Negli ultimi due anni, del resto, Hamas ha fatto di tutto perché Tel Aviv derubricasse lo status di «minaccia prioritaria» inciso a lettere di fuoco sulla Striscia di Gaza. Le Brigate Ezzedin al-Qassam, braccio armato dell’organizzazione terroristica, avevano ridotto al minimo i lanci di missili da quell’area. A Tel Aviv si erano così convinti che Hamas avesse spostato le sue azioni di violenza in Cisgiordania, anche allo scopo di danneggiare i concorrenti politici «moderati» dell’Autorità nazionale palestinese. Dal maggio 2021, poi, la valutazione ufficiale dell’intelligence militare israeliana e del Consiglio di sicurezza nazionale era che Hamas non avesse interesse a lanciare un attacco da Gaza per «la paura che questo potesse provocare una risposta devastante». Eppure dalla scorsa estate (vedere il riquadro a sinistra) era emersa con forza l’ipotesi opposta: e cioè che Hamas, spalleggiata dall’Iran, stesse organizzando un attacco clamoroso e una strage così terribile da obbligare Israele a una reazione durissima, una vera e propria guerra. Il conflitto, nei piani dei vertici jihadisti, avrebbe avuto il duplice obiettivo di bloccare i negoziati di pace tra Tel Aviv e l’Arabia Saudita, e di scatenare una nuova «guerra santa» su scala globale.

Negli ultimi tempi, gli alti comandi e i politici d’Israele avevano fatto un altro fatale errore di valutazione.

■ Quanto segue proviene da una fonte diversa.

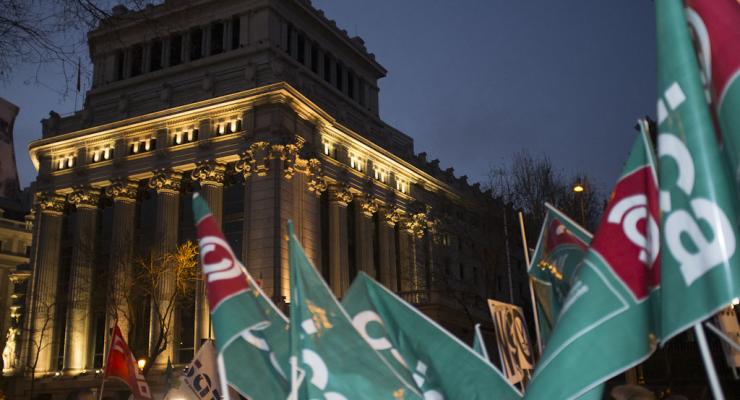 Los paros parciales convocados ayer por CSICA y el resto de representacin sindical en Bankia fueron secundados de manera masiva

Si erano convinti che dalla Striscia di Gaza un attacco potesse essere tentato non via terra ma dall’aria, con il lancio di droni suicidi, forniti ad Hamas dal regime degli ayatollah iraniani. E un mese prima del 7 ottobre, Hamas aveva rafforzato l’ipotesi diffondendo un video di propaganda che aveva generato grande inquietudine. Quel filmato, che è ancora online, mostra gli effetti letali di una decina di droni ad ala lunga, lanciati nel deserto da alcuni uomini incappucciati. Sui velivoli campeggia la scritta «Zouari» in onore di Mohamed Zouari, un ingegnere aerospaziale tunisino che lavorava per la Jihad e che nel 2016 è stato ucciso dal Mossad. Nel video si vedono i velivoli abbattersi sull’obiettivo, un finto avamposto israeliano circondato da bandiere con la stella di Davide e da sagome in cartone raffiguranti soldati. Alla fine del filmato, i danni provocati dai droni «Zouari» sono evidenti e ingenti.

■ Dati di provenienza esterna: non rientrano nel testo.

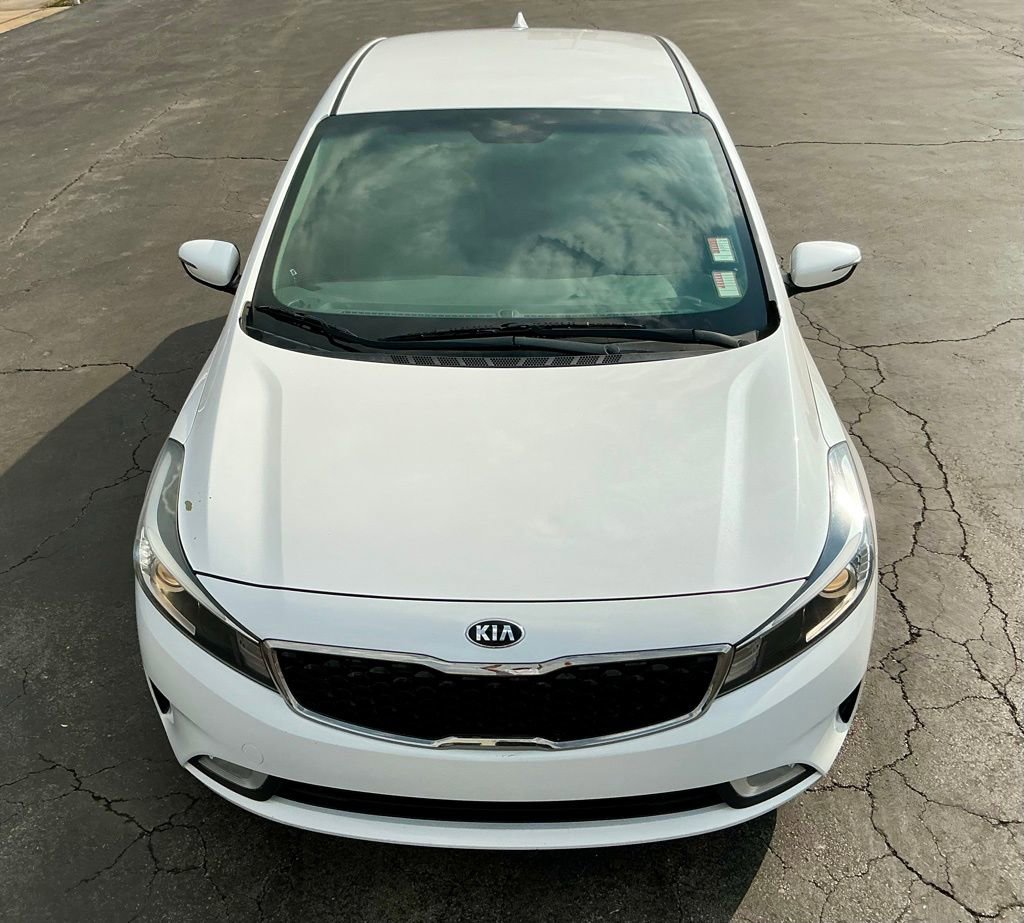 Used 2017 Kia Forte EX image 11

Eppure, il 7 ottobre i terroristi non hanno fatto uso di bombe volanti. L’8 ottobre, all’inizio della immediata controffensiva israeliana sulla Striscia di Gaza, si è pensato che le Brigate Al-Qassam le avessero conservate per frenarne l’avanzata, ma non è accaduto. L’ipotesi alternativa, che si rafforza di giorno in giorno, è che i droni «Zouari» – assieme al video – siano serviti soltanto a confondere le idee al nemico. Il punto è che la complessa strategia di Hamas ha avuto successo. Da molti mesi gli occhi e le orecchie d’Israele avevano smesso di puntare su Gaza, e si erano rivolti a Nord e a Est: verso la Cisgiordania e il confine con il Libano, a protezione dei coloni minacciati dai miliziani di Hezbollah. Tant’è vero che il governo di Netanyahu aveva ordinato all’esercito di trasferirvi oltre due terzi degli effettivi.

Oggi i servizi segreti israeliani annunciano dolorose indagini interne. Ma è evidente che le principali responsabilità del disastro del 7 ottobre cadono sui vertici politici, da tempo in rotta di collisione con i supremi comandi militari. Il 24 luglio due generali di Tsahal, l’esercito israeliano, avevano in programma un’audizione alla Knesset e avevano preparato un discorso pieno di allarmi. L’incontro, purtroppo, non è avvenuto perché quel giorno il Parlamento israeliano era in subbuglio per un voto sulla controversa riforma del sistema giudiziario, voluta da Netanyahu. Pochi giorno dopo anche il generale Herzi Halevi, capo di Stato maggiore, aveva chiesto d’incontrare il premier. Non è mai stato ricevuto.